Now, after clawing his way back to respect, the senior senator from Massachusetts is starting to do what he should do at this moment in political time. He’s finally celebrating the Ted Kennedy definition of Democrat.
Meghan Daum demands that NPR come clean about whether it has a liberal bias:
Here's the real problem, NPR. No matter how mainstream your audience is in truth, or how balanced you are in substance, or how many opinions you solicit from average red-state Joes, the prevailing feeling is that your style is unmistakably liberal.
In other words, NPR, you may not be left-leaning, but you're left-seeming.
It's the folksy music between segments (never mind that it's often jazzy or electronic or classical; the effect is folksy).

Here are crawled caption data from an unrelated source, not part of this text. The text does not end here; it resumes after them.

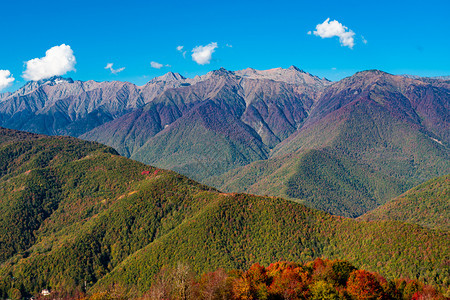 高加索山脉上一片蓝天的风景图片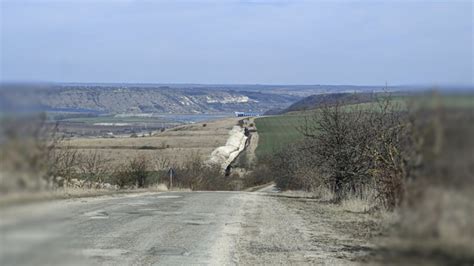 Україна копає на кордоні з Молдовою протитанкові рови. Що сказала про ...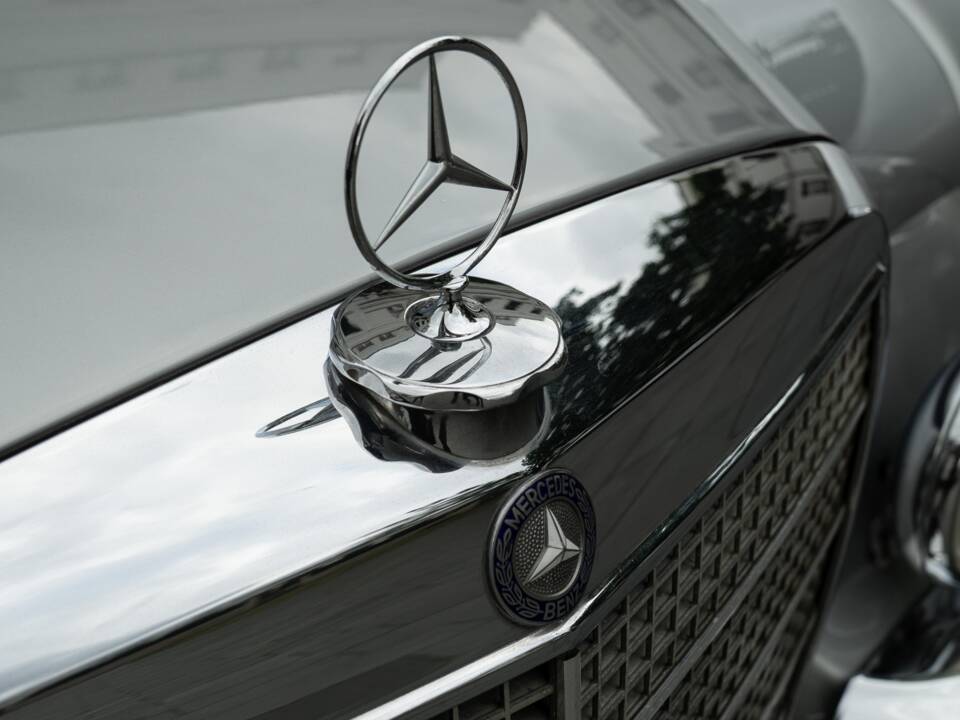 Image 37/95 of Mercedes-Benz 280 SE 3,5 (1970)
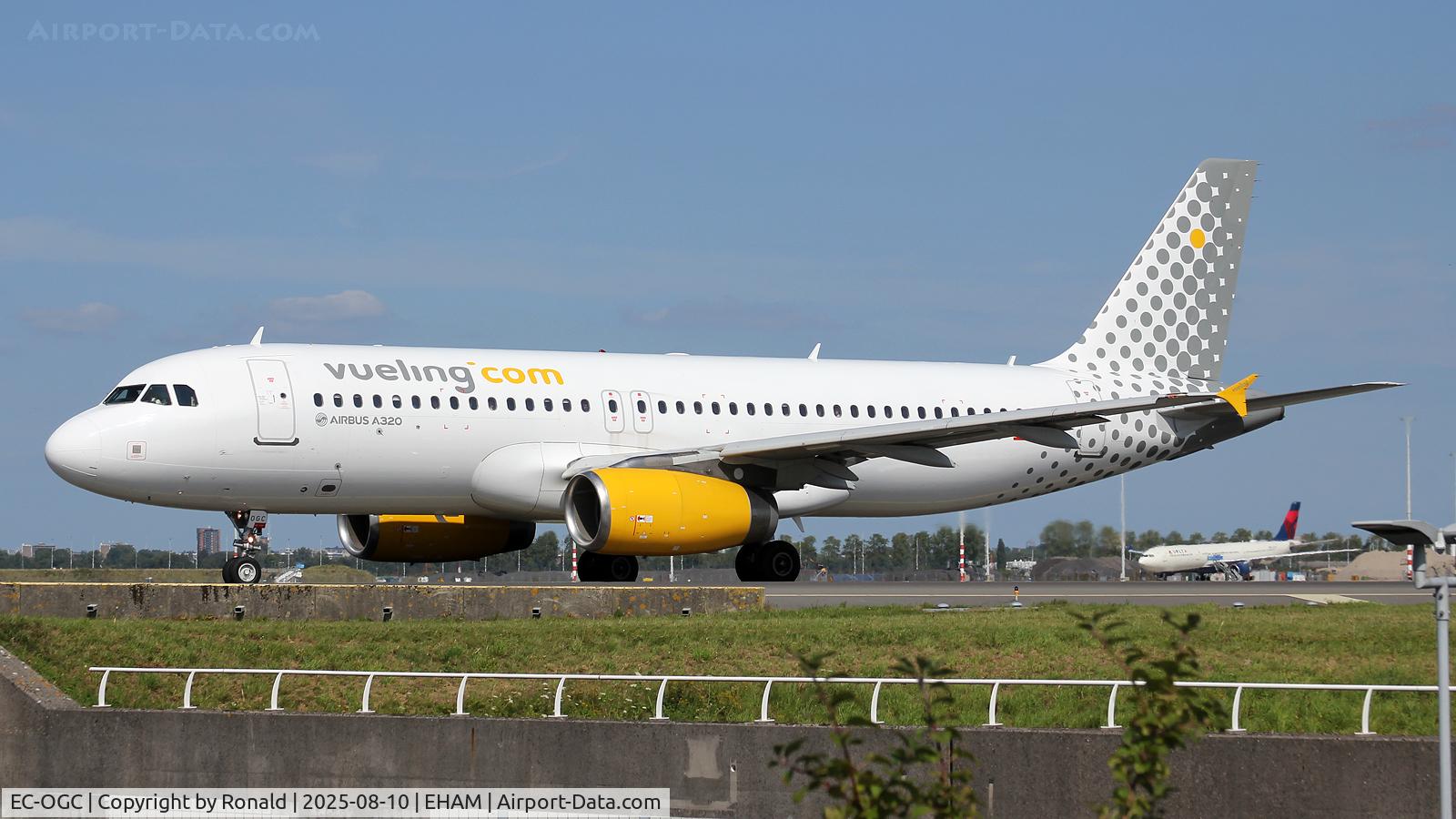 EC-OGC, 2006 Airbus A320-232 C/N 2883, at spl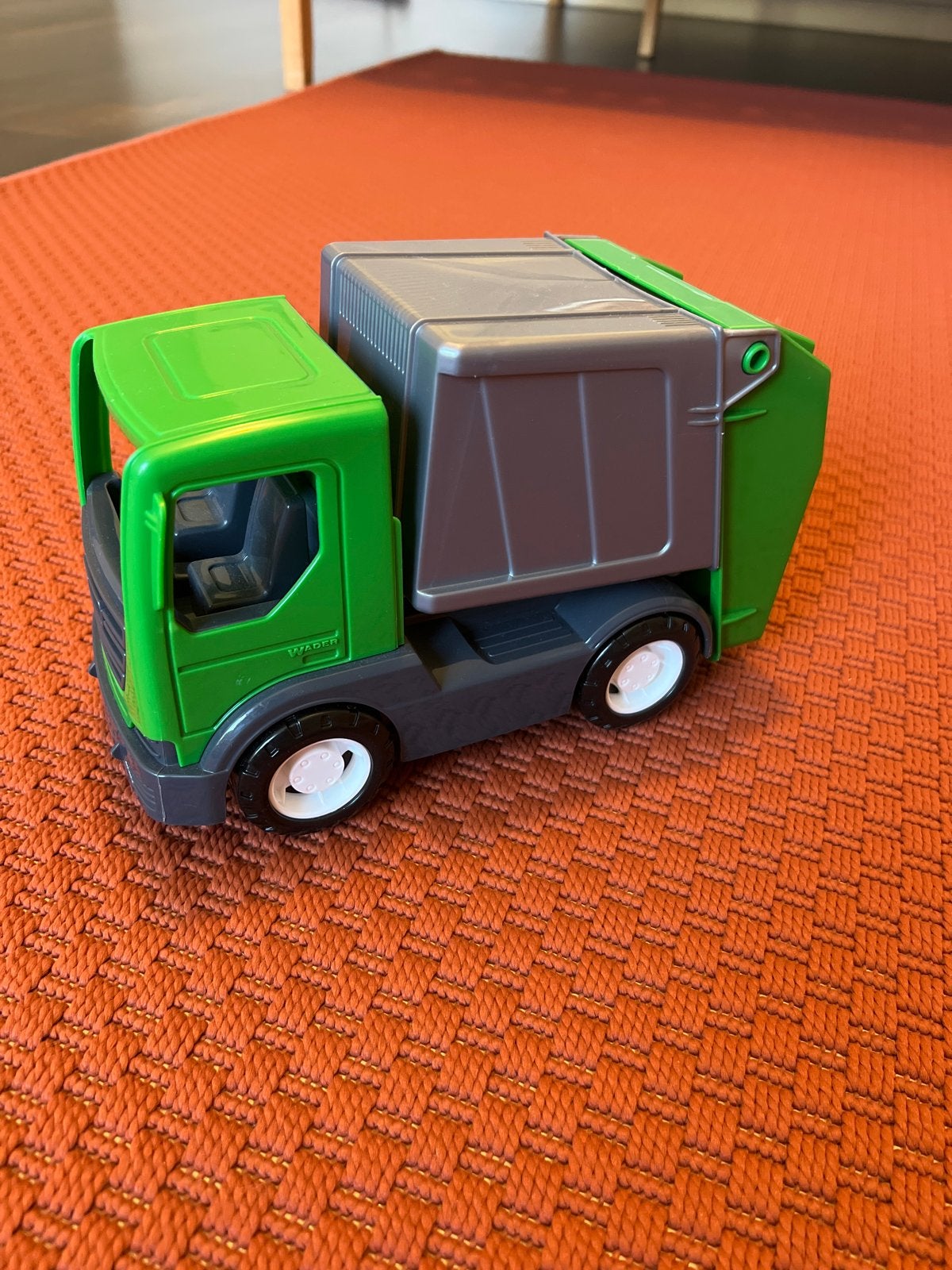 Speelgoed vuilniswagen met container, Ophalen, Gebruikt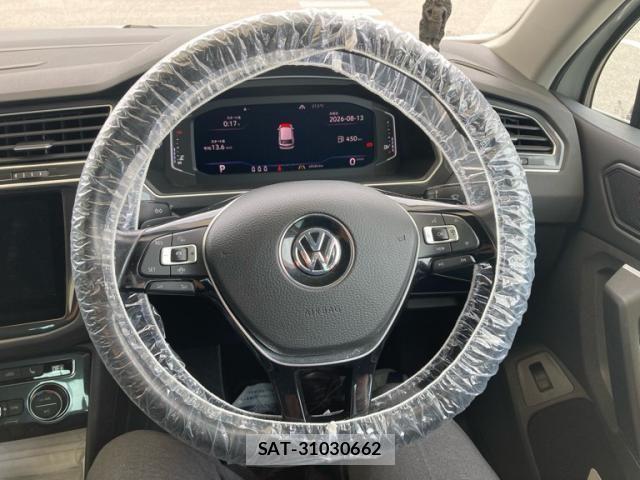 VolksWagen TIGUAN 2020-03 8564119-12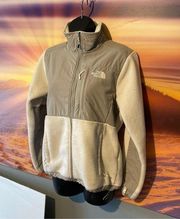 The North Face Womens  Fleece Jacket White White Small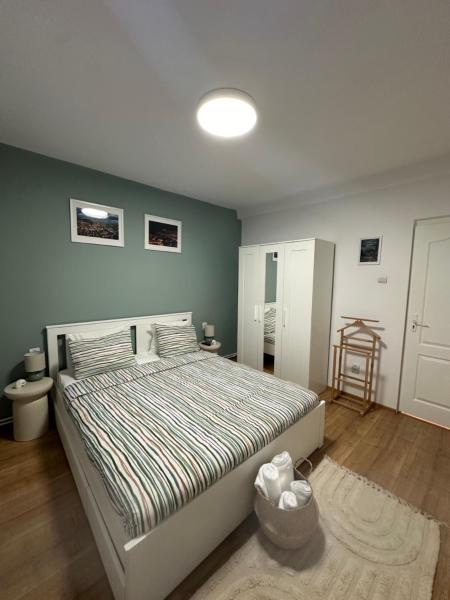 Na zdjęciu widoczny jest obiekt Apartament Cetate Deva położony w mieście Deva.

It's the warm, earnest quality of the hosts' and reporters' voices. It's their exotic names — Mandalit del Barco, Lakshmi Singh, Soraya Sarhaddi Nelson, Daniel Zwerdling. Are these tea party names? No, they're soy chai latte names. It's obvious.
Face it, NPR, you could go content-free, relying only on those quirky music snippets and reporters saying their names, and you'd still come across as a granola bar disguised as a radio network.